→ YOUR GOAL: Would you please copy each line of the data in which the string "Vintage" occurs?

*** Begin section ***

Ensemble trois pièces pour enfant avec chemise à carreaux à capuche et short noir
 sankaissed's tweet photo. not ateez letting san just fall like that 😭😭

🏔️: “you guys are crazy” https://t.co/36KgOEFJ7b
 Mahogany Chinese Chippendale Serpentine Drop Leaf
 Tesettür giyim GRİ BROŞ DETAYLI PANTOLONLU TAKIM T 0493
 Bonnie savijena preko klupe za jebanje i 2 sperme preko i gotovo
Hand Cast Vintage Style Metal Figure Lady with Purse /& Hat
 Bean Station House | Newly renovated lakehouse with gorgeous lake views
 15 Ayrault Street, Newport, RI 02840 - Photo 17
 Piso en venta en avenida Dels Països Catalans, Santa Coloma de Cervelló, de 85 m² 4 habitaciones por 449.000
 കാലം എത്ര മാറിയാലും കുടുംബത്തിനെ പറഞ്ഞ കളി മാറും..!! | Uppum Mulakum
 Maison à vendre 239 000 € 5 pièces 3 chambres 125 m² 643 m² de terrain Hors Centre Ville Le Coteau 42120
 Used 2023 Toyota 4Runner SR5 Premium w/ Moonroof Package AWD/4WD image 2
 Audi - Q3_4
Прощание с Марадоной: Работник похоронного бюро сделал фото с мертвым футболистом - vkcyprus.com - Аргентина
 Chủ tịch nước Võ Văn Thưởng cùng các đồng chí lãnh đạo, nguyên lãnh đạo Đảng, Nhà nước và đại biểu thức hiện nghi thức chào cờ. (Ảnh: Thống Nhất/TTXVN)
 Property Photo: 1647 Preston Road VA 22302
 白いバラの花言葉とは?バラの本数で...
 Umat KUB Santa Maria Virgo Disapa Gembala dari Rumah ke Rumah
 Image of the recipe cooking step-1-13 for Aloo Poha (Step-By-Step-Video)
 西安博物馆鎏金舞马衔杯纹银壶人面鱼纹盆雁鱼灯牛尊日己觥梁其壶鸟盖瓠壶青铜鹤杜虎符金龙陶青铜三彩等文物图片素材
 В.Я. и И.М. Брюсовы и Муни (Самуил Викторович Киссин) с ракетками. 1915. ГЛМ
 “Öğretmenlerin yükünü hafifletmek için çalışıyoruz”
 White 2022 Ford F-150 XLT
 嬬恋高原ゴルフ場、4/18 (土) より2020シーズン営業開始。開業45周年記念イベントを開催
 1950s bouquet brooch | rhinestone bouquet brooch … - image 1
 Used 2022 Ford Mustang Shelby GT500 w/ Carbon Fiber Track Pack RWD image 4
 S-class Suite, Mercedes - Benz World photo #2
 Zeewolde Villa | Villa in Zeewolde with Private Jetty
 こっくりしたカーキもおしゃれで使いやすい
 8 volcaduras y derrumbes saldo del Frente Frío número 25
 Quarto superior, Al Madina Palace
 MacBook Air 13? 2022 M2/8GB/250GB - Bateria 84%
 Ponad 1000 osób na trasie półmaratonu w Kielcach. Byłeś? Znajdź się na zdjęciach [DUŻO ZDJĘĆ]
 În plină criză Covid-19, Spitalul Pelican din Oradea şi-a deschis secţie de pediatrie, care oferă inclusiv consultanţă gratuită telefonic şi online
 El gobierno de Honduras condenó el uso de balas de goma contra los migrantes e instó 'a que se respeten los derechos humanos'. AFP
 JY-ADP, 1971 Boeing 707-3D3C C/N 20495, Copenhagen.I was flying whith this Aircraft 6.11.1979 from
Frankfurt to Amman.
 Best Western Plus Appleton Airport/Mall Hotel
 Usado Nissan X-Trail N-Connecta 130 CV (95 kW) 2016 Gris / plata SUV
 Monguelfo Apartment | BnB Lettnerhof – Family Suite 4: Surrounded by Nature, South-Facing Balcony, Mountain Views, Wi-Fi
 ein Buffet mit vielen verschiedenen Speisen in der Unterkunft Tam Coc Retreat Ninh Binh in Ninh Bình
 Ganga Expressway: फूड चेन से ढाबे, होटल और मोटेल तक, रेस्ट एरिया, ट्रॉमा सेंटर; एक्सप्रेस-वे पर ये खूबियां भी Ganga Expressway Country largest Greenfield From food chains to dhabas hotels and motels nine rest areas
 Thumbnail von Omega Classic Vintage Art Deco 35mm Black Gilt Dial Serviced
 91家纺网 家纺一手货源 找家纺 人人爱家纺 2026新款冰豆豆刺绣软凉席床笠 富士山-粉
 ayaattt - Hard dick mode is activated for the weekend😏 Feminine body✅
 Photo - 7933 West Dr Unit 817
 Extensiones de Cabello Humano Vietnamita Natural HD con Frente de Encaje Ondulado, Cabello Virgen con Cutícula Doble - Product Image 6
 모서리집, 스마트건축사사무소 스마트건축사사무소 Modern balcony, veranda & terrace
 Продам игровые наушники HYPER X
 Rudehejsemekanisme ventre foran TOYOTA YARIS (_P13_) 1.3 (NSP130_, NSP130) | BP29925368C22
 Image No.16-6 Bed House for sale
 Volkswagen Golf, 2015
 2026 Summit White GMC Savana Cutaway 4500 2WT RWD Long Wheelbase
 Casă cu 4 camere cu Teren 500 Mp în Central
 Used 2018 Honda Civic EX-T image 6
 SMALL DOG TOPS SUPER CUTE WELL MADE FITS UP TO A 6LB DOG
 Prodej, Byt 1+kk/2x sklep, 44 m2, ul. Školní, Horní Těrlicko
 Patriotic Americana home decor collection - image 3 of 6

*** End section ***

→ OUTPUT FOR THIS EXERCISE:
Hand Cast Vintage Style Metal Figure Lady with Purse /& Hat
 Thumbnail von Omega Classic Vintage Art Deco 35mm Black Gilt Dial Serviced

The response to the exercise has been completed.